# Vagabond N7 - Holloway Road



## fatboyslim (Sep 29, 2011)

Going to try this place this afternoon but I struggled to find any info on their roaster and if they sell beans. Anyone been here before? I'll report back after visiting.


----------



## jeebsy (May 5, 2013)

The one in Bow used Nude, never actually made it along as they had odd opening hours.


----------



## beebah (Apr 1, 2012)

No fixed roaster - they have a Twitter page which they check quite regularly.

Nick


----------



## fatboyslim (Sep 29, 2011)

They replied to my tweet. They currently have Rwandan and Burundi Has Bean offerings. On my way there now.


----------



## Blackstone (Aug 5, 2012)

Was going to try this myself this afternoon. I ended up inMaison d'etre actually, I'm still here.

How is vagabond?


----------



## fatboyslim (Sep 29, 2011)

Espresso and brewed coffee were both amazing. Seriously tasty espresso...I'm still enjoying it now. Atmosphere, music and clientele are all a bit weird though. Play some happy music not solemn orchestral pieces..... Que cojones!


----------



## fatboyslim (Sep 29, 2011)

Definitely a weird place but they sell has bean beans from 2kg bags for £2.50 per 100g!!! I got 300g of Rwandan Kigoma for £7.50! That is cheaper than has bean!


----------



## Blackstone (Aug 5, 2012)

fatboyslim said:


> Definitely a weird place but they sell has bean beans from 2kg bags for £2.50 per 100g!!! I got 300g of Rwandan Kigoma for £7.50! That is cheaper than has bean!

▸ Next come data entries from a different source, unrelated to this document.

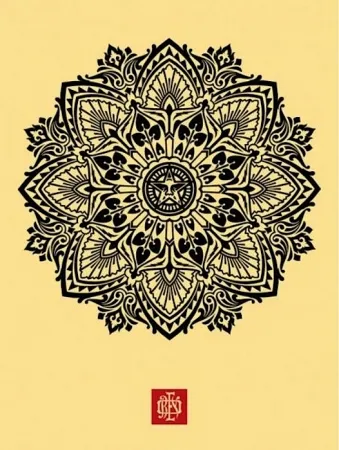 Serigrafía Fairey - Mandala Ornament 1 Cream
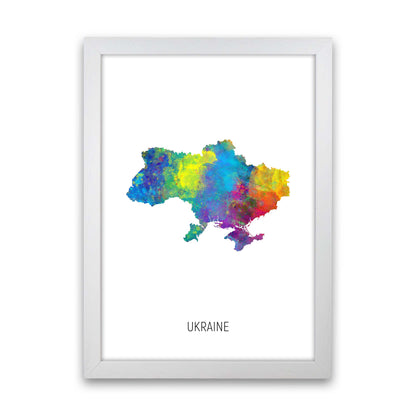 Ukraine Watercolour Map Art Print by Michael Tompsett White Grain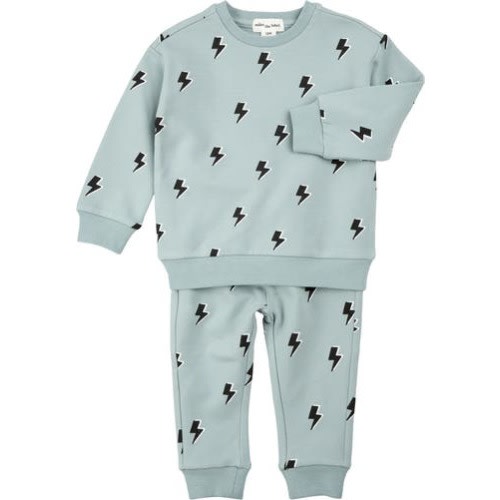 Lightning Print Sweatshirt & Joggers Set, 9M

You sure it's not stale beans


----------



## fatboyslim (Sep 29, 2011)

Blackstone said:


> You sure it's not stale beans


Extremely fresh. We've been sniffing them from my pocket the whole walk home.


----------



## Blackstone (Aug 5, 2012)

In that case I will be using them instead of has bean as it's more convenient to pop in on the way home from work


----------



## fatboyslim (Sep 29, 2011)

Yeah to be honest its much more convenient for me too. Going to pick up more beans this week (others weren't for me). Blackstone be sure to grab an espresso while you're there. I was so impressed by it.


----------



## Milanski (Oct 10, 2013)

Never had a bad coffee from here.


----------